Haven't found a gen 3 version yet


----------



## 20v=godsmotor (Aug 20, 2008)

Can anyone educate me on what the difference between the CAE and the CAEB would be? or what the CAE engine is? Or if there even is a difference?


----------



## DasCC (Feb 24, 2009)

20v=godsmotor said:


> Can anyone educate me on what the difference between the CAE and the CAEB would be? or what the CAE engine is? Or if there even is a difference?


Probably just different emission specs. Just like ccta and CBFA for the gen 1 TSIs


Sent via an app on my mobile


----------



## 20v=godsmotor (Aug 20, 2008)

DasCC said:


> Probably just different emission specs. Just like ccta and CBFA for the gen 1 TSIs
> 
> 
> Sent via an app on my mobile


I am starting to wonder if it might be a 2nd gen? It does have a top mounted traditional style oil filter.


----------



## DasCC (Feb 24, 2009)

20v=godsmotor said:


> I am starting to wonder if it might be a 2nd gen? It does have a top mounted traditional style oil filter.


On what car?


Sent via an app on my mobile


----------



## 20v=godsmotor (Aug 20, 2008)

DasCC said:


> On what car?
> 
> 
> Sent via an app on my mobile


That's the issue I only have the engine


----------



## DasCC (Feb 24, 2009)

20v=godsmotor said:


> That's the issue I only have the engine


From what I've seen all gen 3 have the cartridge filter on top and oil fill on opposite end of filter on timing cover. That could be the gen 2 valve lift from an Audi. VWs NA not sure about ROW only had gen 1 and are just now switching to Gen 3. 
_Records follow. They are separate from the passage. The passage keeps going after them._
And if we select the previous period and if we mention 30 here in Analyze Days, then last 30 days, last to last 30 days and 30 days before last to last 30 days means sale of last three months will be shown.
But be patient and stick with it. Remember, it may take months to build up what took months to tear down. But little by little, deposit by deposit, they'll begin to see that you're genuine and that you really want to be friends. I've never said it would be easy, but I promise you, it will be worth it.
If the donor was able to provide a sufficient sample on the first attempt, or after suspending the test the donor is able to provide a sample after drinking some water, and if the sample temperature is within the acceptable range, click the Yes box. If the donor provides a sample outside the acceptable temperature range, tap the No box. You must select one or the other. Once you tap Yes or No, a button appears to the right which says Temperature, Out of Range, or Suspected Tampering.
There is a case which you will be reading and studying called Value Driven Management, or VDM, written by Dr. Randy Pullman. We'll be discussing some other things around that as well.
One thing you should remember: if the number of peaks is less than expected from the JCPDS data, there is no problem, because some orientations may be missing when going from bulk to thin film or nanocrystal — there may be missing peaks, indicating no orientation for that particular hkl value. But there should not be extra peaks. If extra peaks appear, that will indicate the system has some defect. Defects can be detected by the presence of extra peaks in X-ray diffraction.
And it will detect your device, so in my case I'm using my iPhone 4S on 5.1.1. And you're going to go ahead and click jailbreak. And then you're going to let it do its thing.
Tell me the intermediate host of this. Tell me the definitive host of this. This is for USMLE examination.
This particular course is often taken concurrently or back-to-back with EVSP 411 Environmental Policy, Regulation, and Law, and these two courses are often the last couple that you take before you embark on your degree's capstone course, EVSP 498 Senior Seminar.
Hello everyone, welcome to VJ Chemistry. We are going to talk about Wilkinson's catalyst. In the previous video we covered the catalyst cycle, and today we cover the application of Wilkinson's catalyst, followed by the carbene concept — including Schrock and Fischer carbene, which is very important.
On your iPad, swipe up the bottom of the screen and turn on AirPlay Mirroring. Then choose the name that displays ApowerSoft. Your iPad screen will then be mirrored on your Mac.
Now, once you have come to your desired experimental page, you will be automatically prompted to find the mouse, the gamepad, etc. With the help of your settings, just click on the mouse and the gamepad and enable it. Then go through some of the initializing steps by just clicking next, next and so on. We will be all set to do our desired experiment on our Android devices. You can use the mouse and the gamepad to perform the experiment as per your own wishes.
Sent via an app on my mobile


----------



## 20v=godsmotor (Aug 20, 2008)

DasCC said:


> From what I've seen all gen 3 have the cartridge filter on top and oil fill on opposite end of filter on timing cover. That could be the gen 2 valve lift from an Audi. VWs NA not sure about ROW only had gen 1 and are just now switching to Gen 3.
> 
> 
> Sent via an app on my mobile


Sorry to ask a dumb question, but what is ROW?


----------



## Zillon (Jun 30, 2005)

20v=godsmotor said:


> Sorry to ask a dumb question, but what is ROW?


Rest of world.


----------